Having read a few books on Lincoln, Brooks is apparently familiar with many of the excuses of the Lincoln excuse-making industry. He mentions in his article that “Lincoln had very little formal education.” This is a bit of an understatement, since Lincoln’s formal education consisted of less than one year in elementary school. Again, this would seem alarming to some people but not the very model of a modern Lincoln cultist. Brooks repeats one of the canned excuses of the Lincoln cult by poo-pooing the usefulness of education. “Today we pile on years of education,” he sneered, and “cluster our students on campuses with people with similar grades and test scores.” Education Schmeducation.
Lincoln, on the other hand, “spent his formative years in daily contact with an astounding array of characters.” He admittedly didn’t read much (reminiscent of George W. Bush’s boast that he didn’t read anything), but what he did read he read “intensely,” says Brooks. How he knows how “intensely” Lincoln read is not explained.
Brooks praises Abe for believing in “hard work,” as though Abraham Lincoln was unique among nineteenth-century Americans in that regard. Brooks praises Lincoln’s “moral vision” that included “a government that built canals and railroads and banks . . .” This, however, was a profoundly immoral vision for it was based in the immoral mercantilist agenda of corporate welfare for canal-building and railroad corporations. By Lincoln’s time there already had been several decades of immense corruption and financial disaster surrounding state government subsidies for such “internal improvements,” including a colossal financial debacle in Illinois that was the work of Illinois state legislator Abraham Lincoln, leader of the Whig Party in the state in the late 1830s.
The original national bank – the Bank of the United States – was so corrupt and economically destabilizing that Congress refused to renew its original charter, and President Andrew Jackson successfully vetoed its refunding. This “Whiggish vision” of political corruption based on economic ignorance was Lincoln’s “north star,” writes David Brooks.

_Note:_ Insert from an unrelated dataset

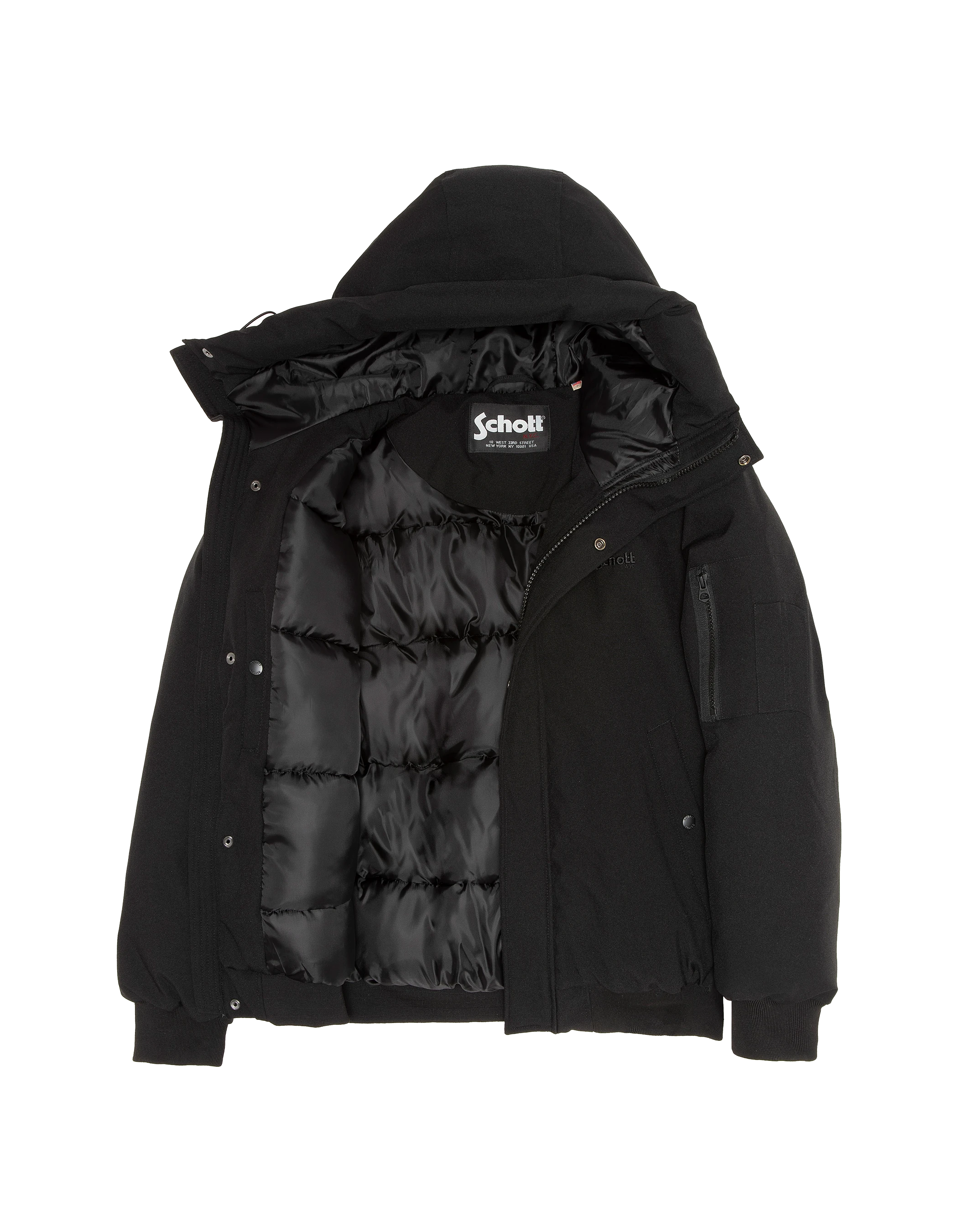 Chaqueta con capucha negra-7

Brooks has apparently read Lincoln’s Melancholy, for in his Times article he repeats the standard excuse but with a minor twist: “His experience of depression and suffering gave him a radical self-honesty.” To some, severe depression that gives a person a psychotic split personality is worrisome; to David Brooks, it meant in Lincoln’s case that “He had the double-minded personality that we need in all our leaders.”
Brooks says that Lincoln was “an exceptionally poor hater,” yet he micromanaged the waging of war on Southern civilians for four long years and praised and promoted generals like Sherman who committed these war crimes. He was supposedly “able to see his enemy’s point of view,” yet he refused to meet with Confederate Peace Commissioners before the war to discuss Southern payments for federal property, and endorsed a military policy of unconditional surrender.
Brooks ends his farcical article with the sad declaration that in the next presidential election, “We will not get a Lincoln.” Amen to that.